Published: March 31, 2018
By: Denise Morrison Yearian
Moving can be a daunting experience for everyone, especially children. So how do parents navigate the journey and help children adjust to a new living situation? Here are 12 tips to help:
1. Talk it over. Once the decision to move has been made, find uninterrupted time to talk with your children. Keep in mind age and developmental level. Older children need more time to adjust to a move than younger ones.
2. Keep an open line of communication. Remind your children it is okay to ask questions. Acknowledge their concerns. Be patient with preschoolers who may have repeated questions. Be encouraging and empathetic. Share regrets about leaving but tell them what they have to look forward to. If communication time is limited due to schedules, make a “question jar” so children may write down concerns to be answered at a designated time.
3. Stay positive. Maintain a good attitude toward the move. Parents model attitudes and behaviors that children pick up on. Show healthy ways to handle the stress of the move. Display confidence. Keep a positive outlook. Present a united front with your spouse.
4. Be ready for older child opposition. Encourage older children who are opposed to the move and not want to leave. Listen and try to figure out exactly what is troubling them. See if there are alternative options – can the move be postponed until the end of the school year?
5. Watch for stress. Kids, like adults, can experience stress whenever there is a significant life change. This could include loss of sleep, loss of appetite, separation anxiety, withdrawal from family and/or friends, self-inflicted injury, hostility, etc. Be observant. Talk with your children and teach stress management techniques. Contact a professional if necessary.
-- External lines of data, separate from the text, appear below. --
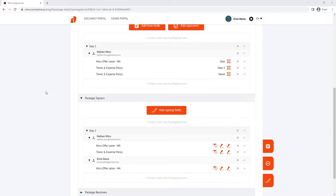However, in this particular scenario, I only want to sign the document after it's been signed. So I'll drag and drop my signature field down to make a step three and create a sequential signing order.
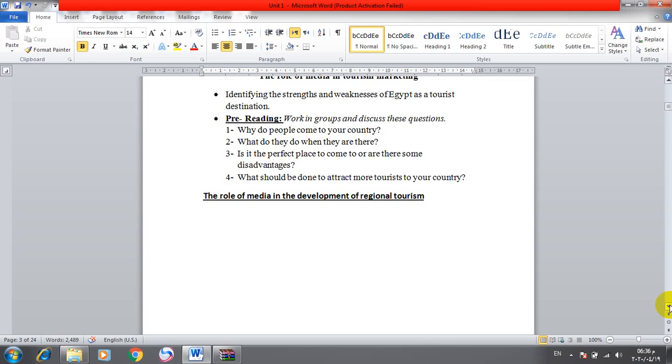If we talk about the weather as an advantage, we will say that Egypt enjoys a unique moderate climate or mild climate all year round. Egypt is the land of the sun, the land from which the sun never sets, and that's why tourists are attracted to the Egyptian beaches to enjoy the warmth of the Egyptian sun and have sunbathing.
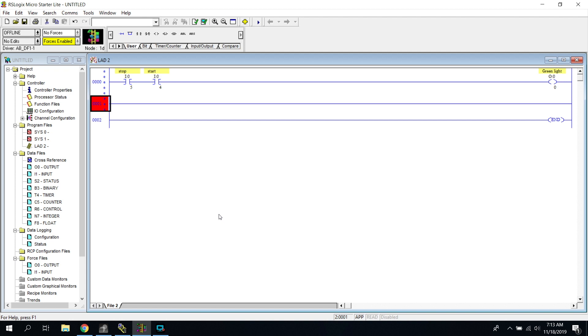Up to this point, we've used our OTE, which is located right here. You can see if we click on it, it's Output Energized. We're using it right here just to turn on this light.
6. Travel to the new locale. Prior to the move, take your children to see the house and other places of interest. Drive and walk around the community. Talk with neighbors. Visit the new school. If you cannot visit prior to the move, look online for information about the community and activities. Get a newspaper. Look for online virtual walkthroughs of your home. Remember, children will feel more secure with concrete images and information.
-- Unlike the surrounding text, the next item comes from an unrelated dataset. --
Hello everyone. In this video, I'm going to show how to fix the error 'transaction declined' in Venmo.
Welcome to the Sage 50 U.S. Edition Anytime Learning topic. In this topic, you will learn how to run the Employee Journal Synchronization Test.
7. Take on old toys and clothes. Recognize that some old toys and certain items of clothing may have significant value and be difficult for your children to part with. If so, wait until after the move. Or make a deal with them: for every bag of toys or clothes given away, they get to purchase a specified number of new things.
8. Let them participate. If your children want to help with the move, it will give them a sense of ownership and let them feel a sense of control over their lives. Allow them to help pack boxes, make small decisions, plan how to decorate their new rooms, etc.
9. Say fitting goodbyes. Take pictures of old friends and familiar places. Create a photo album or collection of things. Make a video. Have a “goodbye” party with friends. Buy a t-shirt and ask your child’s friends to sign it. Buy something from a favorite store you frequent (a bakery, for example) to take with you as you move.
10. Keep in touch. Make phone calls, write letters, send email or texts and take advantage of options such as Face Time. Schedule play dates. Visit old friends and invite them to visit you.
11. Settlement priorities. Make setting up children’s rooms a priority. It gives them a sense of home, settlement and security. Maintain regular routines as much as possible. Get involved in activities as soon as you can.
12. Work through homesickness. Listen, support and encourage your children. Acknowledge sadness but remind them it will get better. Share your own sad feelings, but end on a positive note about the good things at your new home and community.
Denise Morrison Yearian is the former editor of two parenting magazines and mother of three children and four grandchildren.